The IRS’s Assessment of International Penalties Under IRC §§ 6038 and 6038A Is Not Supported by Statute, and Systemic Assessments Burden Both Taxpayers and the IRS

TAS Recommendations and IRS Responses

1
1.

TAS RECOMMENDATION #8-1

Stop erroneously assessing Chapter 61 penalties, including the IRC §§ 6038 and 6038A penalties, and refer assessment and collection efforts to the Department of Justice when appropriate.

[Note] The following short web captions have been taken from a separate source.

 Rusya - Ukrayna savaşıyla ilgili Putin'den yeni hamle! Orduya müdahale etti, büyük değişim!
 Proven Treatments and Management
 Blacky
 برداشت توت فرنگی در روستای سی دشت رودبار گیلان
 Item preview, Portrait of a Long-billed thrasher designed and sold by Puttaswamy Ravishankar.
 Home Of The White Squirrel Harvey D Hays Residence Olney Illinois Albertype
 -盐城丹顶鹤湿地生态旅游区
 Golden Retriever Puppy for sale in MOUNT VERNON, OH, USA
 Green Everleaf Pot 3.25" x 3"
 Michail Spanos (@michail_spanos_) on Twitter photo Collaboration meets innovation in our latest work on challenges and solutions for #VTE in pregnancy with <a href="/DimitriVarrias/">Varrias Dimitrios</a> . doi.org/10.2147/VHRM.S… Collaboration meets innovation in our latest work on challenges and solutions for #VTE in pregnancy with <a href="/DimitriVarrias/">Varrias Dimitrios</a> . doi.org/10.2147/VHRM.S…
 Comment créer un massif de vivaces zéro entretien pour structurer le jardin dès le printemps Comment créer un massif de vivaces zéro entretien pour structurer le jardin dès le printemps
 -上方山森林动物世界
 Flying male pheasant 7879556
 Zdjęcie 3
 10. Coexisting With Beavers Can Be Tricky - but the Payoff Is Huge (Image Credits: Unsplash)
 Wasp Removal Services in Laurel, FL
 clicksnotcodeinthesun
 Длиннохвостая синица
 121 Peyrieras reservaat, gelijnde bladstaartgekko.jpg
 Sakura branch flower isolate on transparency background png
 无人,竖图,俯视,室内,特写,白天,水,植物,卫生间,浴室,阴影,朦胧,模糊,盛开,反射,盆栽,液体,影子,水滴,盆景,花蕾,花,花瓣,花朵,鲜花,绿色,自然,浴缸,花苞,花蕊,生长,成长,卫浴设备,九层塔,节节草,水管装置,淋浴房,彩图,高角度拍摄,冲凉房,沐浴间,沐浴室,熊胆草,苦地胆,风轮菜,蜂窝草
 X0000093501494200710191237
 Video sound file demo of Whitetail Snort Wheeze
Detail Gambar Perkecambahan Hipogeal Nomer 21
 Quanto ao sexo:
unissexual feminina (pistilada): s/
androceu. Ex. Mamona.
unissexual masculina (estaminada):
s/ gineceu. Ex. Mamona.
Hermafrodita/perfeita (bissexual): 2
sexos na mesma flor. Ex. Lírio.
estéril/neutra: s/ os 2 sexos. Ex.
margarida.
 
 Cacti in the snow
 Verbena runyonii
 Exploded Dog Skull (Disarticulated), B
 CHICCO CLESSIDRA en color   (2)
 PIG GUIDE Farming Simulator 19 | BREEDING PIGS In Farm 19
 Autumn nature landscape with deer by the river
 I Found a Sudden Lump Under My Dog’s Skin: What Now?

IRS RESPONSE TO RECOMMENDATION: We disagree the IRS lacks legal authority to assess Chapter 61 penalties. As previously stated, the Internal Revenue Code provides two methods to assess penalties, either (1) pursuant to deficiency procedures or (2) as assessable penalties, that is, those penalties not subject to deficiency procedures. Penalties under Chapter 61, including sections 6038 and 6038A, are meant to enforce reporting requirements, are not based on the tax shown on a return or the existence of a deficiency, and may be imposed even when the taxpayer has an overpayment. No court has ever ruled that the IRS lacks authority to assess these penalties without following deficiency procedures, and the IRS has consistently treated Chapter 61 penalties as assessable as far back as records are available.

Further, the authority in section 6201(a) to assess “all taxes” is an expansive provision broad enough to include Chapter 61 penalties without regard to whether assessable penalties refers exclusively to penalties in Chapter 68B of the Code or had a broader meaning of penalties not subject to deficiency procedures.

CORRECTIVE ACTION: N/A

TAS RESPONSE: The IRS’s argument that it has the legal authority to assess Chapter 61 penalties is unpersuasive. TAS concurs that the IRC does not provide authority for the use of deficiency procedures with respect to these penalties. Beyond this negative proposition, the IRS does not provide any unambiguous statutory language or on-point judicial rulings regarding how Chapter 61 penalties can be properly assessed.  IRC § 6201 simply states that assessable penalties can be assessed and the caselaw only stands for the proposition that penalties not subject to deficiency procedures do not require deficiency procedures. These circumstances, however, do not establish that Chapter 61 penalties are assessable in the first instance. The IRS primarily relies on the circular logic that just because the IRS cannot apply deficiency procedures, it therefore, by definition, must be able to treat these penalties as assessable. Nevertheless, the IRS fails to explain how the authority to assess is affirmatively conferred by its inability to proceed using deficiency procedures. The IRS seeks to create a false dichotomy, under which the lack of one right automatically gives rise to another. The National Taxpayer Advocate and some legal commentators, however, see nothing in the law giving the IRS the actual or implied authority to assess Chapter 61 penalties. This is why, in the absence of Congressional action, assessment and collection of Chapter 61 penalties must be referred to the Department of Justice.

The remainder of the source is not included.